NO. 07-01-0240-CR
IN THE COURT OF APPEALS
FOR THE SEVENTH DISTRICT OF TEXAS
AT AMARILLO
PANEL D
MAY 14, 2002
______________________________
ANDRE DUPREE RACHEL,
Appellant
v.
THE STATE OF TEXAS,
Appellee
_________________________________
FROM THE 46TH DISTRICT COURT OF WILBARGER COUNTY;
NO. 9956; HON. TOM NEELY, PRESIDING
_______________________________
Before BOYD, C.J., QUINN and REAVIS, JJ.
Andre Dupree Rachel (appellant) pled guilty to sexual assault and was sentenced
to three years imprisonment. Via two issues, he complains that error occurred during
punishment because 1) the trial court failed to give his requested instruction to the jury
regarding probation and 2) the State improperly presented evidence regarding the victim’s
character during its case-in-chief. We affirm.

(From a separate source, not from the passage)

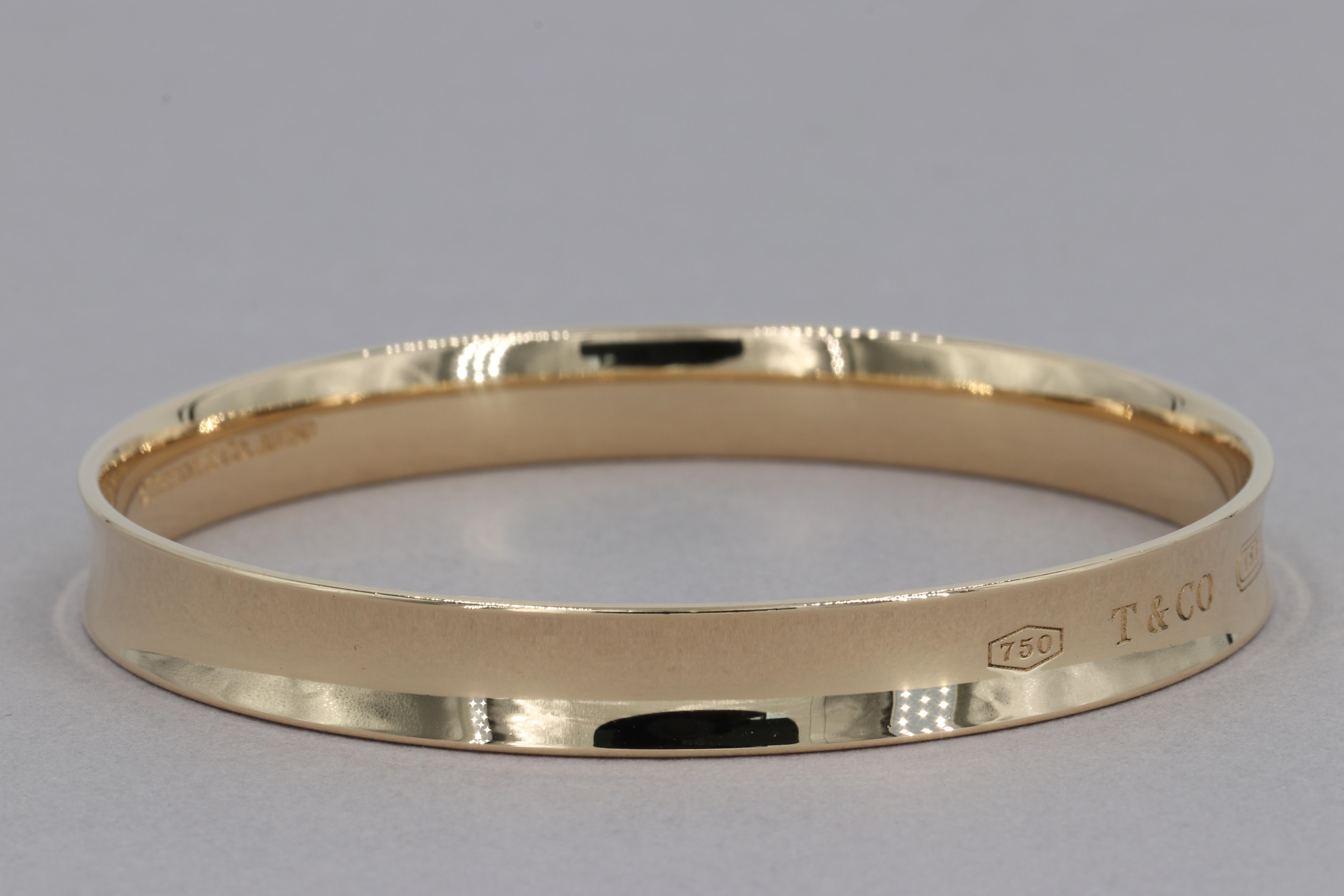 Tiffany & Co. 1837 Bracelet Bangle en or jaune 18 carats Unisexe en vente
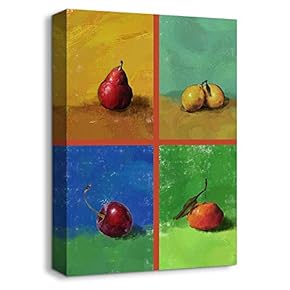 Canvas Wall Art Fruit Collage Idea Painting Artwork for Home Prints Framed - 12x18 inches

Issue 1: Denial of Requested Jury Instruction
Appellant argues that the trial court committed reversible error in refusing his
requested instruction. He had requested the court to instruct the jury that
If the punishment assessed by you is not more than ten years confinement
and since the Defendant has not ever been convicted of a felony in this or
any other state, you may recommend the sentence be suspended and the
Defendant placed on community supervision.

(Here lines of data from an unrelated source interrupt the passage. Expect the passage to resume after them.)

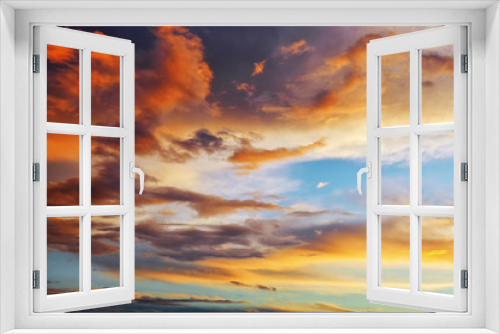 Fototapeta Naklejka Na Ścianę Okno 3D - Beautiful dark fluffy cloudy sky. Sunset light.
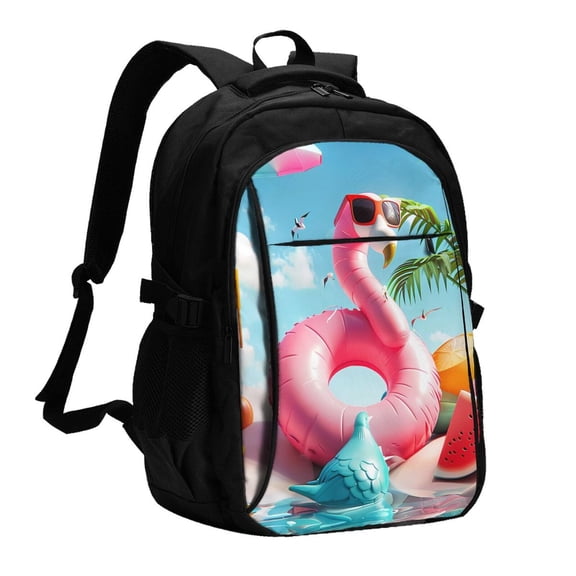Xecao Tropical Flamingo Pool Float for Travel Laptop Backpack, USB-Charging-Enabled, Spacious Business Backpack for Men and Women,College School Computer Bag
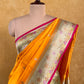 ORANGE COLOUR PURE SILK SAREE WITH CONTRAST BORDER EMBELLISHED WITH ZARI WEAVES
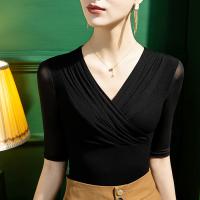 Polyamide Vrouwen Five Point Sleeve Blouses Lappendeken Solide meer kleuren naar keuze stuk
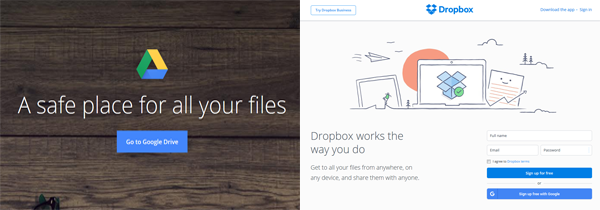 Screenshots from the Google Drive and Dropbox homepages.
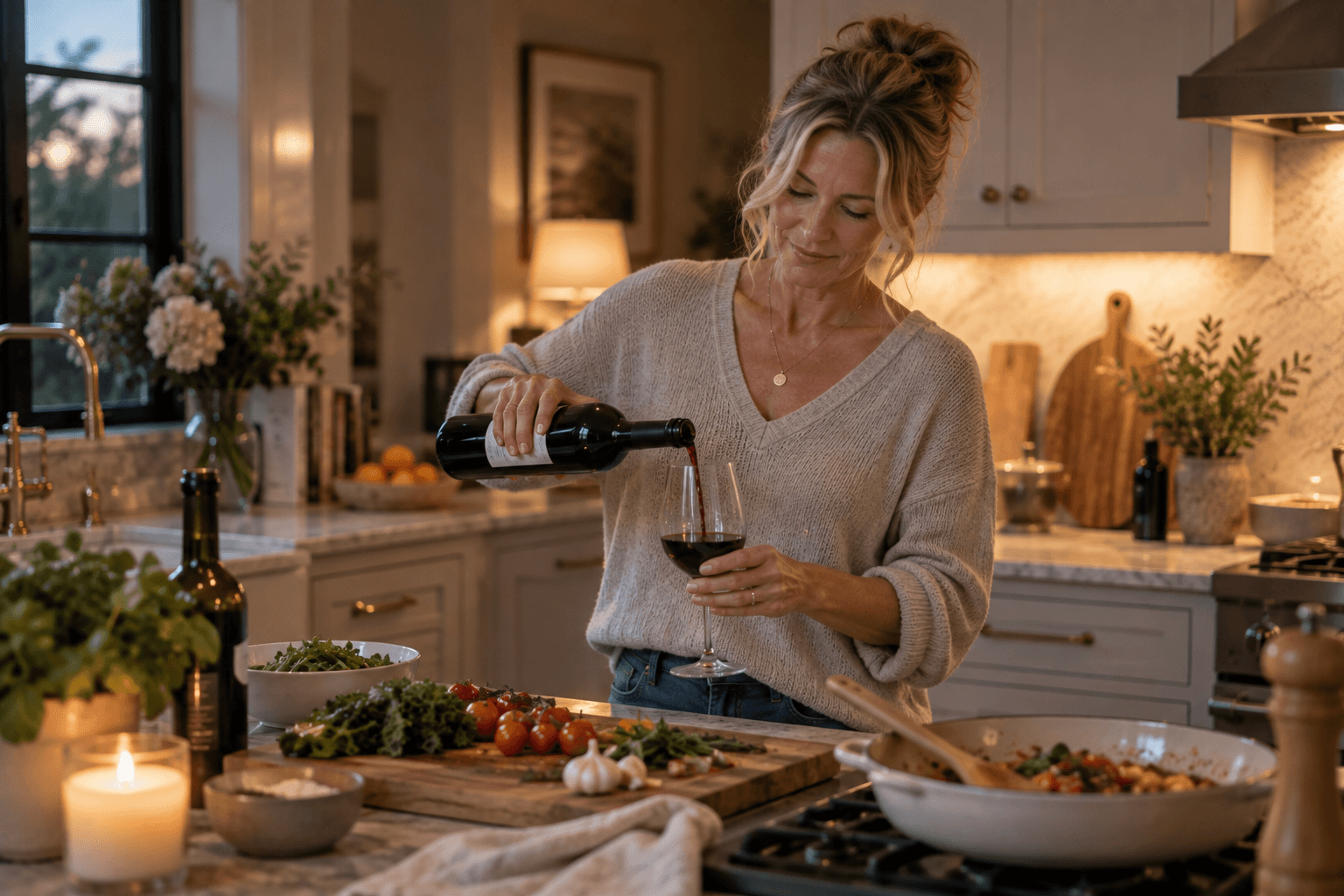 A woman in her 50s casually pouring red wine while preparing dinner in a warm kitchen.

(Emphasis added). The court refused and instead instructed the jury that
If the punishment assessed by you is not more than ten years confinement
and you further find that he has not ever been convicted of a felony in this or
any other state, you may recommend the sentence be suspended and the
defendant placed on community supervision.

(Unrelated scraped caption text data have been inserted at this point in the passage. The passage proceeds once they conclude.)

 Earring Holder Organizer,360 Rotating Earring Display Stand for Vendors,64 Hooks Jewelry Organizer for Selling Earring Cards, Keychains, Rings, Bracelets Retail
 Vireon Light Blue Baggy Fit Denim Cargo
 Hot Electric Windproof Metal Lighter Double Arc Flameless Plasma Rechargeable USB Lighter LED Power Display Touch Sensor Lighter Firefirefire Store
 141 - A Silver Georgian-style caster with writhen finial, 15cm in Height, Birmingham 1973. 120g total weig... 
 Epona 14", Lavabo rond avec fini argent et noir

(Emphasis added). We overrule the issue.
As can be seen by comparison of the italicized portions of the two instructions,
appellant sought to have the trial court find that he previously had not been convicted of
a felony and so instruct the jury. However, statute requires the jury to make that finding.
TEX . CODE CRIM . PROC . art. 42.12, §4(e) (Vernon 2002) (stating that probation may be
granted if the defendant files a written sworn motion with the judge wherein he alleges that
he has not previously been convicted of a felony in this or any other state, and “the jury
enters in the verdict a finding that the information in the defendant’s motion is true”). Thus,
the trial court did not err in refusing to deny the jury the opportunity to grant probation by
itself making the requisite finding about appellant’s prior felony convictions.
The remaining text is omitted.